Pisciculture as a life option
October 16 2013. Caridad, Luis and their two children are a displaced family from the department of Caqueta, who arrived to the rural area of San Jose del Guaviare pursuing tranquility and with the firm decision of not cultivating coca leave anymore. Around a tray of fried Cachama fish caught from their pisciculture project pond, this couple shared their experience of being part of an alternative development project, implemented in San Jose del Guaviare by the Administrative Unit for the Territorial Consolidation -UACT- and the United Nations Office on Drugs and Crime -UNODC-.
This couple, who spends all its time on the land, in only two hectares they have two ponds for breeding Cachama fish, they plant yucca root, they rear pigs, ducks and chicken, and, as Caridad says "we sell everything our farm provide us with". As it has been a whole life change for the family, she adds "I feel so much better here… We work, we count with more support and above all, we have tranquility". She and Luis sell their products in a small grocery store called La Paz located near their place.

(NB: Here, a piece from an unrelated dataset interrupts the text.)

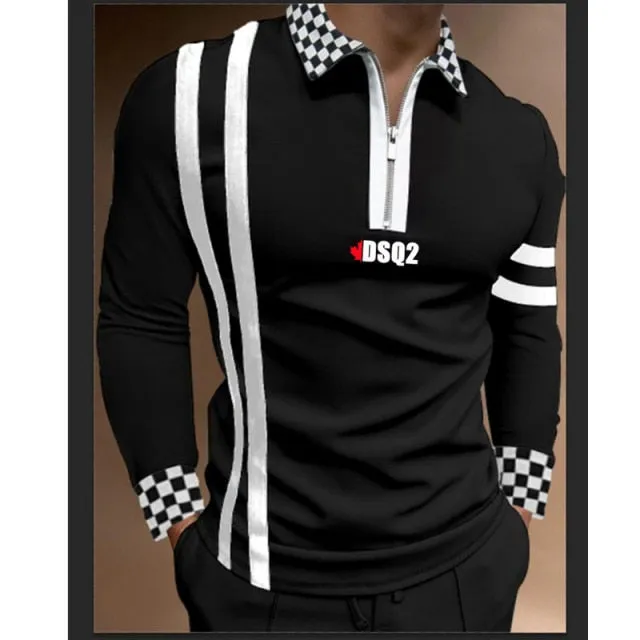 Nukty Fall Winter New Men Polo Shirts Cotton Blends Striped Full Sleeve High Quality Casual Turn-Down Collar Zipper Thermal Top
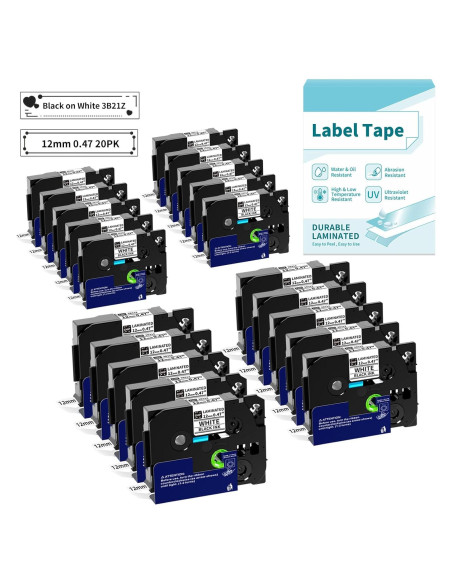 20 Cintas de Etiqueta VolenGo TZe-231 12mm Laminadas Blancas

The families, who are part of the Forest Wardens initiative as well as of other alternative development programs, receive economic incentives, technical support and training, which allow them to strengthen their productive lines, to practice a responsible management of the environment and, finally, to develop skills for improving their life conditions; Caridad comments that it has been possible to invest in their house, the ponds and in a water pump thanks to this assistance; in Luis' words, nowadays farmers want to work the legal way, "now that we have an income from our business, we can verify who we sell our products to".